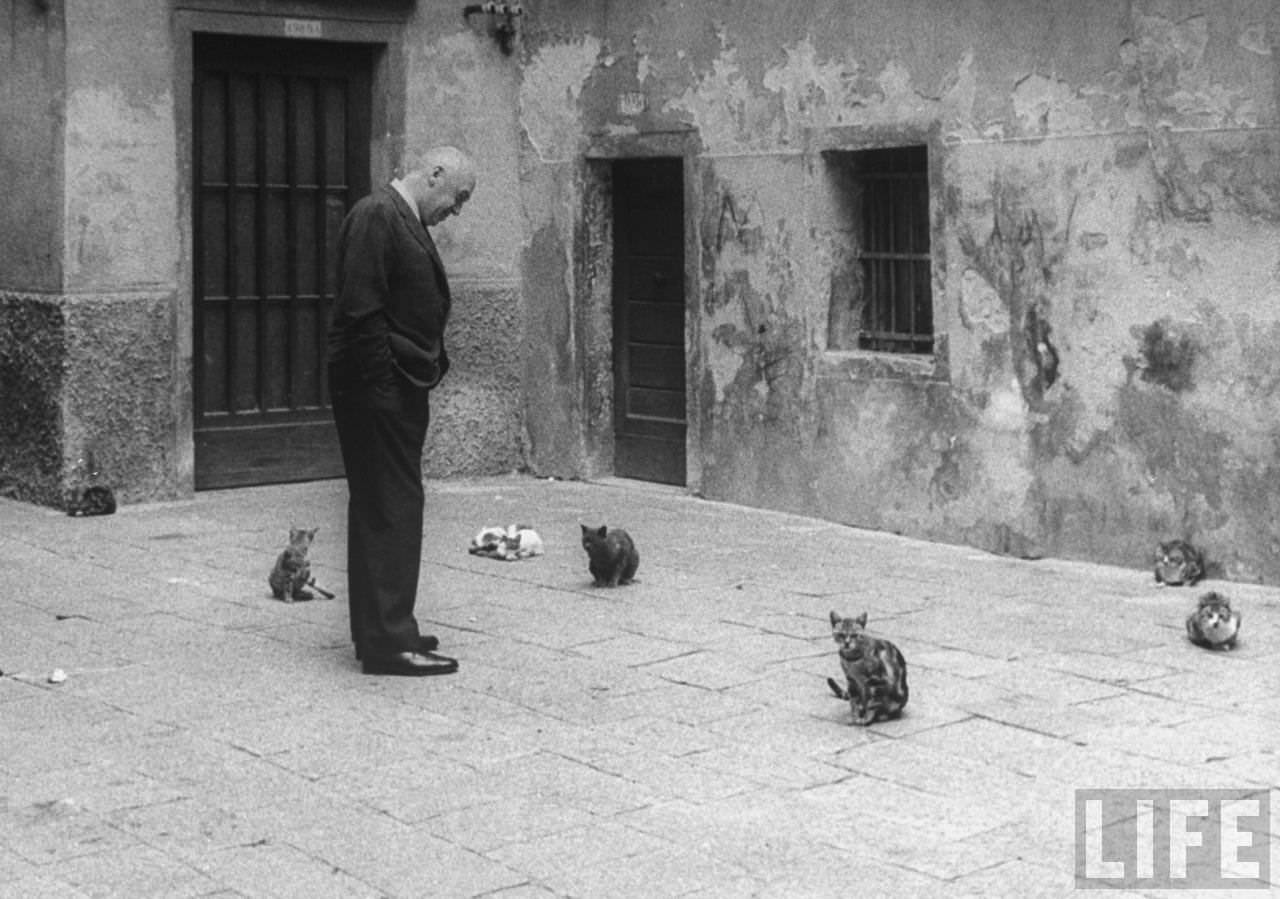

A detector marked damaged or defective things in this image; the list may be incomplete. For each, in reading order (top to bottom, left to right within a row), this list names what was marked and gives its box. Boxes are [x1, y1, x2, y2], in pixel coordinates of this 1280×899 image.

peeling plaster wall [519, 0, 1280, 583]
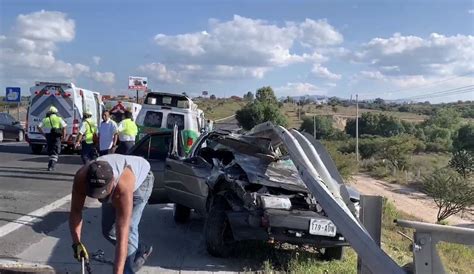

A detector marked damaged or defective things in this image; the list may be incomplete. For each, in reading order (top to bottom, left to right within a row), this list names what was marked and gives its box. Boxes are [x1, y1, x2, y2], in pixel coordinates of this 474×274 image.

wrecked pickup truck [128, 126, 362, 260]
damaged truck cabin [181, 130, 360, 258]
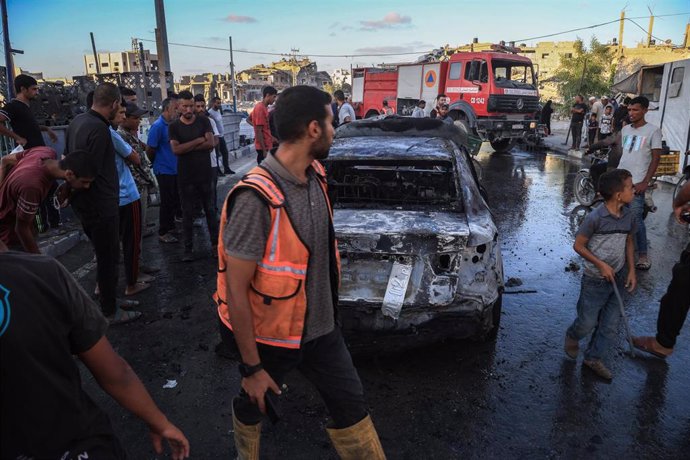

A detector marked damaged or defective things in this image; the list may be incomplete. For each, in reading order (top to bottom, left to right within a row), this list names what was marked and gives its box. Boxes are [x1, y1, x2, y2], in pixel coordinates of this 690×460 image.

burned car wreck [326, 117, 502, 350]
rusted car body [326, 117, 502, 350]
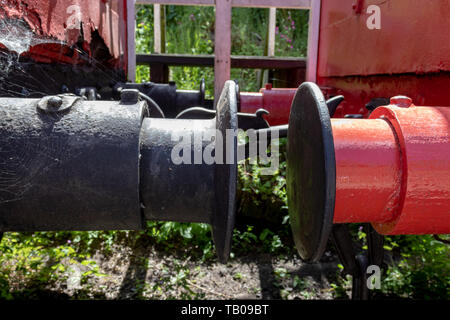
━━━━━━━━━━━━━━━━━━━━
= WHAT THE EXERCISE ASKS =
Pictures stay out. Return exactly the lines from the one with "this 690×460 image." through the last line of the data.

= YOUR RESPONSE =
A detector marked damaged or defective things in this image; the list may be incomplete. For each, in reading order (top to bottom, left to right within a row), this list names what was marked and gives its box. Boxes are [x1, y1, x2, y2], in pixel coordinates of this 690×460 image.

burned car wreck [326, 117, 502, 350]
rusted car body [326, 117, 502, 350]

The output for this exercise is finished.